Can you imagine hearing that a new expressway is going to cut right thru the middle of Chestnut Ridge Park? In this day and age it likely would never happen. Enviornmental groups would take the developers to court and keep it wrapped up in so much red tape the project would never get started.

But that’s almost exactly what happened in the 1950’s when plans for the Kensington Expressway were unveiled. The idea was to build an express route from downtown Buffalo to the eastern and northern suburbs, but it destroyed vibrant neighborhoods on the east side of Buffalo.

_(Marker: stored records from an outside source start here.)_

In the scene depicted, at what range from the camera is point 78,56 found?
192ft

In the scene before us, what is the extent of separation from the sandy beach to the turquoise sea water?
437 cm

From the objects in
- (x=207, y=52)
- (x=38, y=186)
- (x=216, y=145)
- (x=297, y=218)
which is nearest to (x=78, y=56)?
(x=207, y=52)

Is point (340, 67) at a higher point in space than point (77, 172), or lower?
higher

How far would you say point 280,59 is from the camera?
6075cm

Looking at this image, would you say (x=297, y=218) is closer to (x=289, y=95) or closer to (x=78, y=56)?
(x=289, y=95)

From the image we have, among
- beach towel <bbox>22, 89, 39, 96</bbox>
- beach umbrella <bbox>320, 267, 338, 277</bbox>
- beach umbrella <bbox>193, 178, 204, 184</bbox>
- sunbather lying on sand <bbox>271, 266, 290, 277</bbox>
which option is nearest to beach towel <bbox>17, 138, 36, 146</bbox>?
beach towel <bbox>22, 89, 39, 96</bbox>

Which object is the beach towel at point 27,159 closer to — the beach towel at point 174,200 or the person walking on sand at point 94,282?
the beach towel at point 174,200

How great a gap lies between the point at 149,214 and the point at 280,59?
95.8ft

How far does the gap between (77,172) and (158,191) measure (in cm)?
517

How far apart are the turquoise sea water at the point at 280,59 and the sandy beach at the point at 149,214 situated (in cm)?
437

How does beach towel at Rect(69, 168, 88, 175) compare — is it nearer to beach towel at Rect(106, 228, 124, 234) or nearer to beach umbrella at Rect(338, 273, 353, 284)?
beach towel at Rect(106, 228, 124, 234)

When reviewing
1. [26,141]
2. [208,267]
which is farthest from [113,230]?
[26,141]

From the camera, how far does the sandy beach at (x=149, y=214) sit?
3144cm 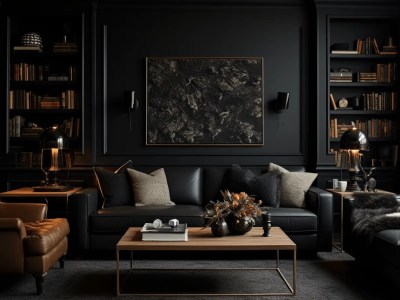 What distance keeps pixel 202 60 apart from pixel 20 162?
96.4 inches

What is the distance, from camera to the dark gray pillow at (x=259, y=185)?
18.7ft

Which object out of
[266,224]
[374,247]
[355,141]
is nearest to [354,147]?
[355,141]

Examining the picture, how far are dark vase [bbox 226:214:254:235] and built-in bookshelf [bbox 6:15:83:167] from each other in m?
2.81

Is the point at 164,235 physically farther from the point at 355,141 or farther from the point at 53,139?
the point at 355,141

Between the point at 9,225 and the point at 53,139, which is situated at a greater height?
the point at 53,139

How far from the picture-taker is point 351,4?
649 cm

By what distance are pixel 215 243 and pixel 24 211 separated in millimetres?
1787

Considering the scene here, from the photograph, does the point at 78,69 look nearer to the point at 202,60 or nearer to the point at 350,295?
the point at 202,60

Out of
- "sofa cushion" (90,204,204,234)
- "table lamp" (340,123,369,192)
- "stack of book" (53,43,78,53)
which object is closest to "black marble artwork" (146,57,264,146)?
"stack of book" (53,43,78,53)

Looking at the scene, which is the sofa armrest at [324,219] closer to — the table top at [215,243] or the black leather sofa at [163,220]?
the black leather sofa at [163,220]

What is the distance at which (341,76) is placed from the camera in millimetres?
6582

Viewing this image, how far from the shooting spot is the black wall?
6523 mm

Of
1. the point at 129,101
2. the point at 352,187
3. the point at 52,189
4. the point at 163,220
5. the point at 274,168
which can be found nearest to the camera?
the point at 163,220

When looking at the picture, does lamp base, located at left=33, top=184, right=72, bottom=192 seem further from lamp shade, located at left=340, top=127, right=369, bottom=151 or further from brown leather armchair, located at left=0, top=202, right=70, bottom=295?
lamp shade, located at left=340, top=127, right=369, bottom=151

Most damaging was it tore right thru Humboldt Park and Humboldt Parkway. And that wasn’t just any park. It was designed by famous landscape architect Frederick Law Olmstead. Olmstead envisioned an interconnected parkway system for Buffalo.

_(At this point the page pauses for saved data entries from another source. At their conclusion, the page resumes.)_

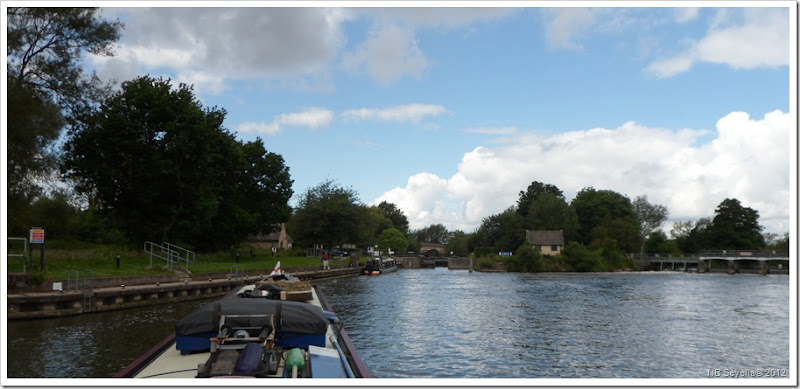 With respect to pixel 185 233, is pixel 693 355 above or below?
below

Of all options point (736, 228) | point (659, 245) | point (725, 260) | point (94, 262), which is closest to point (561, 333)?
point (94, 262)

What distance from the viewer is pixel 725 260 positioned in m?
90.5

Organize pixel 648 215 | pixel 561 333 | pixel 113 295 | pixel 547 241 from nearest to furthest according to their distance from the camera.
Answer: pixel 561 333 → pixel 113 295 → pixel 547 241 → pixel 648 215

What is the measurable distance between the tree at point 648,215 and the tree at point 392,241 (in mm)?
46728

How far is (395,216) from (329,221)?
73.9 metres

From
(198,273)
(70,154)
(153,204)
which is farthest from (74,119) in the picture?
(198,273)

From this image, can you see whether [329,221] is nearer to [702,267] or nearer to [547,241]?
[547,241]

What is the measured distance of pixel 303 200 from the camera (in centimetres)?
8594

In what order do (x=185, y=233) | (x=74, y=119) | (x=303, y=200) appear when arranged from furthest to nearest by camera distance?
(x=303, y=200) < (x=185, y=233) < (x=74, y=119)

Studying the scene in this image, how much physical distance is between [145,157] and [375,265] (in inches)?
1374

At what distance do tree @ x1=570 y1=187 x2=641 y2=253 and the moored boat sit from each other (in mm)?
82361

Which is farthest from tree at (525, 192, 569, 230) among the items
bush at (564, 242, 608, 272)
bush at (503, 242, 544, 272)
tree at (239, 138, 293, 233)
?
→ tree at (239, 138, 293, 233)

Humboldt Parkway extended from what is now the intersection of the Scajaquada Expressway at Parkside all the way to what is now Martin Luther King, Junior Park. It connected Delaware Park with what was then Humboldt Park. It was a wide parkway with a beautiful median planted with trees and flowers. But all of that was done away with in the name of progress.

Planners told homeowners that traffic was getting so bad on Main, Kensington, Genesee and other major streets that if they don’t do something now property values will fall. So they built the Kensington Expressway and property values fell anyway. Fell so badly that many of those homes are worthless and abandoned now.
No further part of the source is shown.